According to rapid shutdown requirements set for photovoltaic systems by the National Electrical Code 2017, a voltage between a conductor within 1 foot from a photovoltaic array and the ground shall not exceed 80V after shutdown protection.

In order to meet the rapid shutdown requirements, optimizer-based PLC (power line communication) is proposed in the conventional technology.is a schematic diagram illustrating data flow in the optimizer-based PLC. A master requests a slave i sequentially, and the slave i replies, where i=1, 2, . . . n, and n is the number of slaves. In the optimizer-based PLC, the master-slave principle is combined with the heartbeat. The two-way communication between the slave and the master is achieved while satisfying the heartbeat.
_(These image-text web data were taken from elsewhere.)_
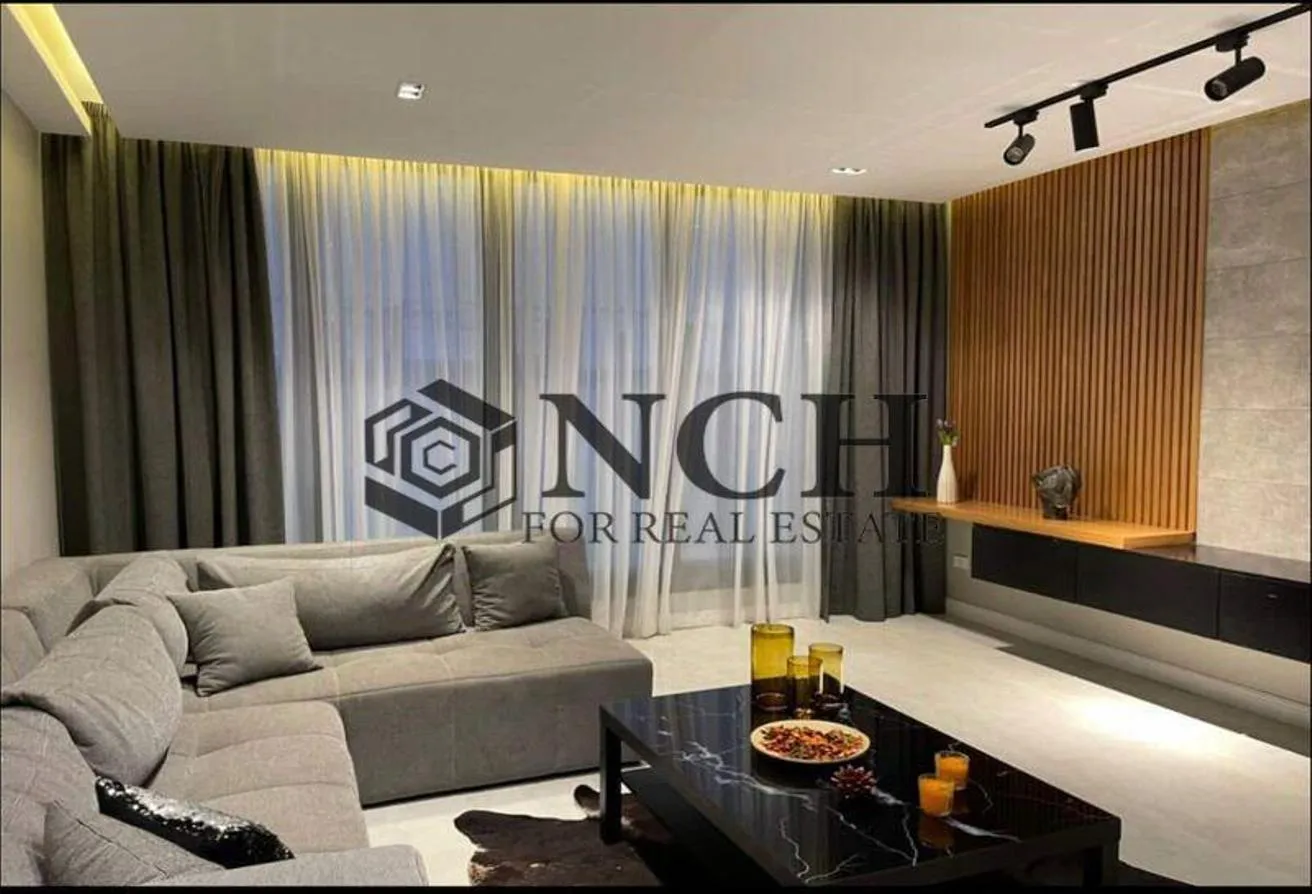 Rent in Midtown: SPACIOUS AND LUXURIOUS PENTHOUSE FOR RENT, MIDTOWN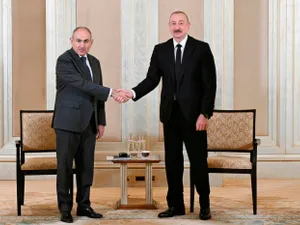 Întâlnirea prim-ministrului Armeniei, Nikol Pașinian (stânga), cu președintele Azerbaidjanului, Alham Aliyev - Foto: Profimedia Iages
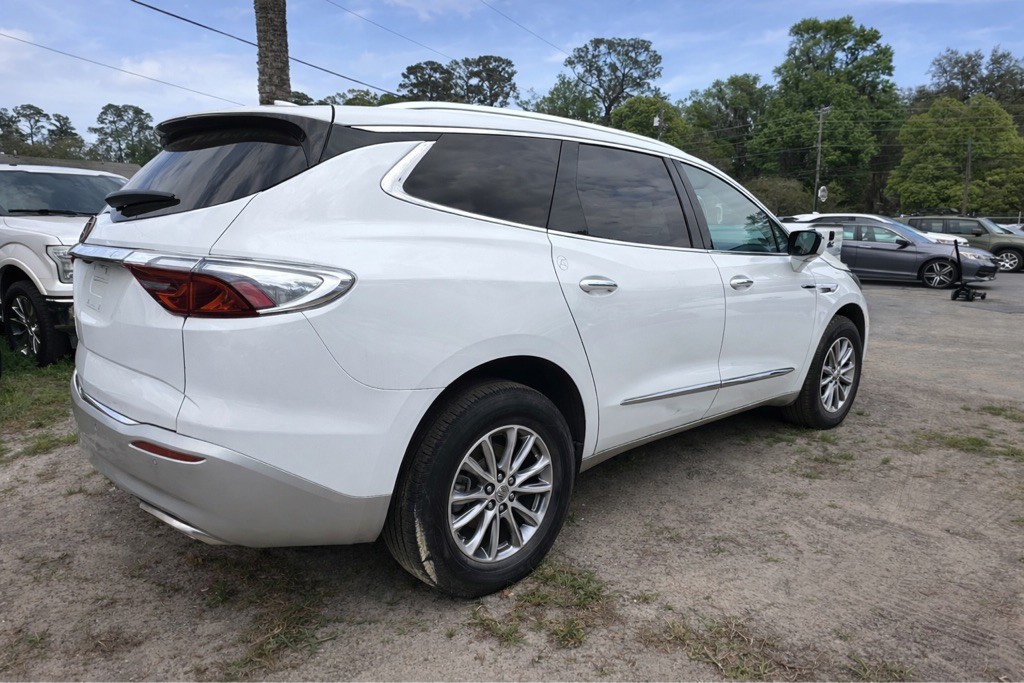 2023 Buick Enclave Image 3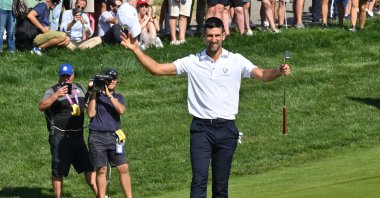 Serbian tennis player Novak Djokovic acknowledges the applause from the spectators as he walks to the 18th green during the All-Star match played ahead of the 44th Ryder Cup at the Marco Simone Golf and Country Club, Rome, Italy, Sept. 27, 2023. (AFP Photo)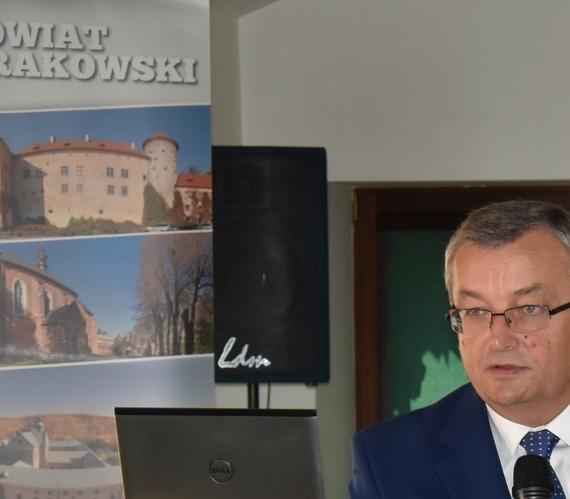 Fot. Minister Andrzej Adamczyk i wiceminister Tomasz Żuchowski prezentowali kodeks urbanistyczno-budowlany /Fot. MIiB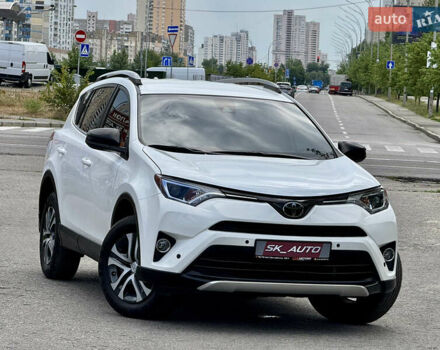 Тойота РАВ 4 2016 у Києві на Automoto.ua Білий Тойота РАВ 4, об'ємом двигуна 2.49 л та пробігом 173 тис. км за 17200 $, фото 4 на Automoto.ua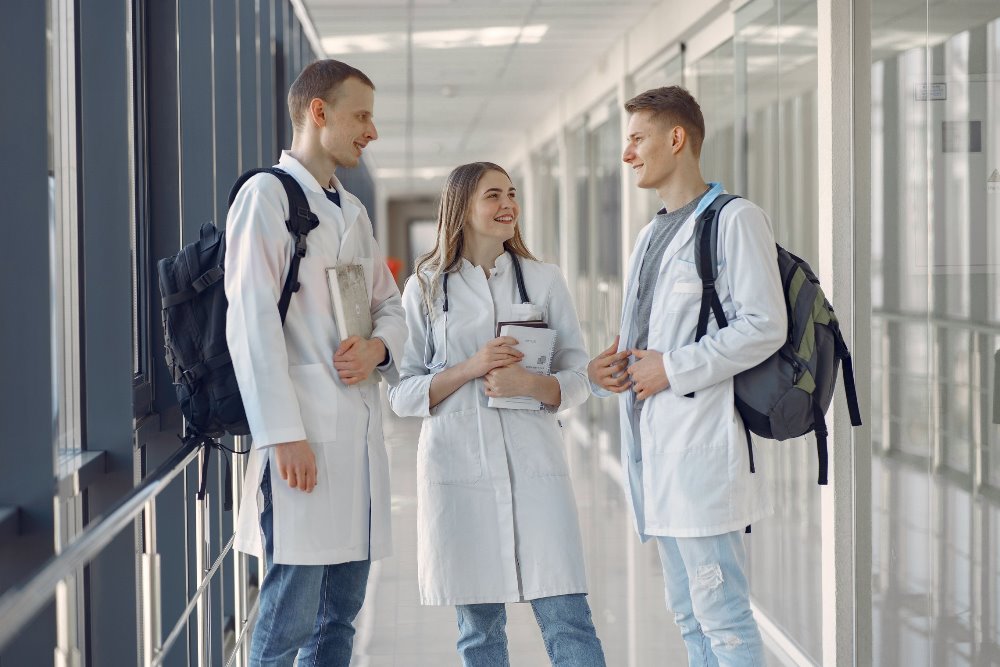 Gydytojai rezidentai bus skatinami rinktis teismo mediciną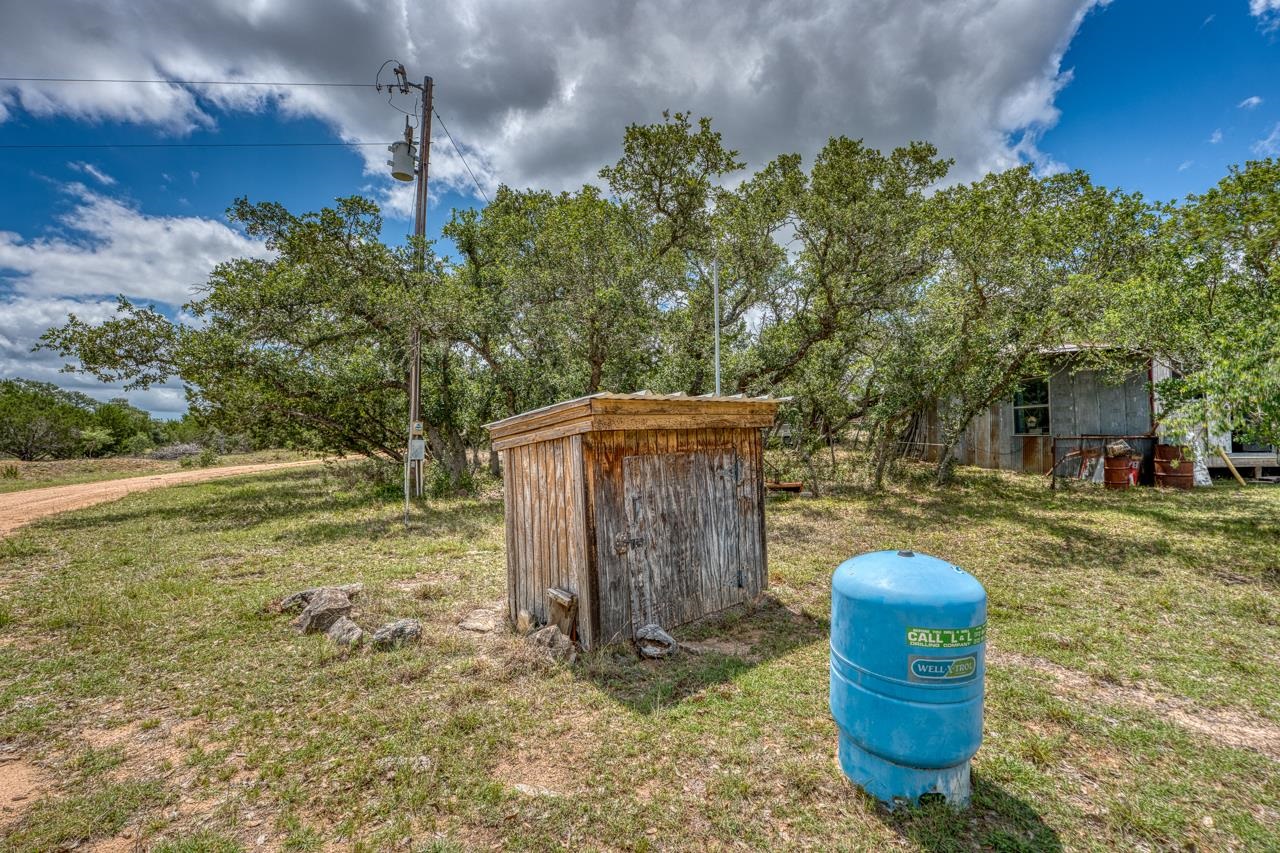 707 Ranch Road 1320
In the system, data such as a voltage, a current, and a temperature of the slave is collected. However, because the master actively sends a request signal to the slaves, and the request signal sent by the master to a respective slave carries a communication address of the respective slave, the master occupies a large amount of bus bandwidth for active requesting in the optimizer-based PLC.

In view of this, a photovoltaic system and a communication method for the photovoltaic system are provided according to the present disclosure. In this method, a slave actively reports to a master and the master replies, so that the master occupies less bus bandwidth.

A communication method is provided according to a first aspect of the present disclosure. The communication method is applied to a photovoltaic system. In the photovoltaic system, a master is communicatively connected to each of a plurality of slaves, and photovoltaic modules output electric energy via the slaves respectively. The communication method includes: sending, by each of the slaves, a respective report signal to the master; monitoring, by each of the slaves, for receipt of a reply signal from the master; receiving, by a first slave, the reply signal from the master; and performing an action by the first slave based on the reply signal in response to successfully receiving the reply signal by the first slave.

Optionally, the communication method further includes: switching, by a second slave, the second slave off in response to failing to receive the reply signal from the master within a preset period of time by the second slave after the sending, by the second slave, the report signal to the master, to cut off a path through which the photovoltaic module corresponding to the second slave outputs electric energy.

Optionally, the sending, by each of the slaves, a respective report signal to the master includes: sending, by the slaves, the respective report signals to the master one by one in a report order in a preset list.

Optionally, the monitoring, by each of the slaves, for receipt of a reply signal from the master includes: monitoring, by each of the slaves, for receipt of the reply signal from the master immediately after the sending the respective report signals to the master by the slaves respectively.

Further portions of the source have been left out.